Both contemporary engagement surveys and culture surveys share a common emphasis on the use of pre-existing models or (proprietary) frameworks, benchmark comparisons or norms, and simple linear analytics to identify areas where increased management attention should be given in efforts to drive culture change. However, problems exist with this commonly used approach to survey development and analysis.
First, the measured attributes or dimensions are derived from a perspective of what is commonly important across many organizations. The result is that unique attributes are either considered in isolation or as appendages without any corresponding frame of reference. It’s not the lack of benchmark data that’s the issue. Rather, it’s that the profile of organizational attributes should be studied as a complete pattern – how the various dimensions or attributes dynamically interact as a description of the organizational culture.
Second, there is an over-reliance on benchmark results. In fact, some consultancies only provide scores that are normative and are therefore standardized to a baseline comparison group. On the surface this seems appropriate and useful as leaders want to know how their organizations compare to those with the best reputations, be it with respect to financial outcomes or employee value proposition. Now there’s nothing wrong with comparing one’s organization to some kind of standard. But what often gets lost is that the source of competitive advantage may reside in not the specific highs or lows, but the pattern or combination of those highs and lows. Normative scoring on individual dimensions precludes any analysis of profile patterns and how those patterns are linked to organizational performance.
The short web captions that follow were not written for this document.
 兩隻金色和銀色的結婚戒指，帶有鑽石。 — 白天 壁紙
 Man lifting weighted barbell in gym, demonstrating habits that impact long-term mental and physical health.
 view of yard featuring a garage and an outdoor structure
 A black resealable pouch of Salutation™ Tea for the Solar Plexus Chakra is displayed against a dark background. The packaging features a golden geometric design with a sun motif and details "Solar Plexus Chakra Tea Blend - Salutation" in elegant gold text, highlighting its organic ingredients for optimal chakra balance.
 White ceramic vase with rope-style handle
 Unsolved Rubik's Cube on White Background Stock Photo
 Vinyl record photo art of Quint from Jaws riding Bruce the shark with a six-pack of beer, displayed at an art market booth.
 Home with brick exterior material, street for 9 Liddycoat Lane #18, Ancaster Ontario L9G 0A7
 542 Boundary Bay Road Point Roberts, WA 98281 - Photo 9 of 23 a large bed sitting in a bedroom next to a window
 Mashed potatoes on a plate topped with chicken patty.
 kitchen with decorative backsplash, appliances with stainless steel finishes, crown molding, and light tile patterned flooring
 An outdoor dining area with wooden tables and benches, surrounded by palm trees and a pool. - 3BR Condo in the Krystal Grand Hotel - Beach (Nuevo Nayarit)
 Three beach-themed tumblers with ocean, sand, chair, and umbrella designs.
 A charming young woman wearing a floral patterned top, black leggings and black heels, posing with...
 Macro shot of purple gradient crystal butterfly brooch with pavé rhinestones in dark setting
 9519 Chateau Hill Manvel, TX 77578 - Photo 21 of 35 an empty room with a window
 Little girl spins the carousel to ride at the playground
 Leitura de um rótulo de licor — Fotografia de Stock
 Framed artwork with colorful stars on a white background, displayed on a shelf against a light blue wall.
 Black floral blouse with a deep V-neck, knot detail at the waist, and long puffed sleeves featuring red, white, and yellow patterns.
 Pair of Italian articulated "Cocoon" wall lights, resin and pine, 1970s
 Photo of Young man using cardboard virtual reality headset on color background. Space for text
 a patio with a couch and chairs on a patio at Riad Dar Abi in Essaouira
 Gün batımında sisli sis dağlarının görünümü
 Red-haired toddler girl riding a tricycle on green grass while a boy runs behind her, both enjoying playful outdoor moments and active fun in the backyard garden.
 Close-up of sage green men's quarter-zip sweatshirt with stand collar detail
Third, commonly used key driver analyses used to determine the most important levers of change treat these attributes together but do not consider their interaction. These approaches are inherently focused on the relative weighting of individual dimensions rather than on identifying the important combinations.
This is not to say that there are not certain qualities or attributes that seem obviously related to success, but rather that there are different combinations of those attributes that matter more. Normative scoring and simple linear analytics can take our focus away from the recipe for success as the right mix of attributes, just as the combination of ingredients in a recipe can define what makes the dish spectacular. Missing a small pinch of this or that may not be a minor loss.
A related point here is that an effort to drive culture change along a single strategic dimension of interest may only be successful if that focus works in the context of the other attributes that define the organization’s culture and are aligned with the organization’s purpose. For example, an overarching focus on customer service can become internally counterproductive when the necessary components of internal support and collaboration are missing. The lack of results and even negative impact on team cohesion can leave both leaders and front-line employees scratching their heads as to why such an obviously important focus could lead to such poor results.
In the end, culture engineering requires attention to the simultaneous interplay of many organizational facets. Simple analytic efforts and the resulting prescriptions may be misleading.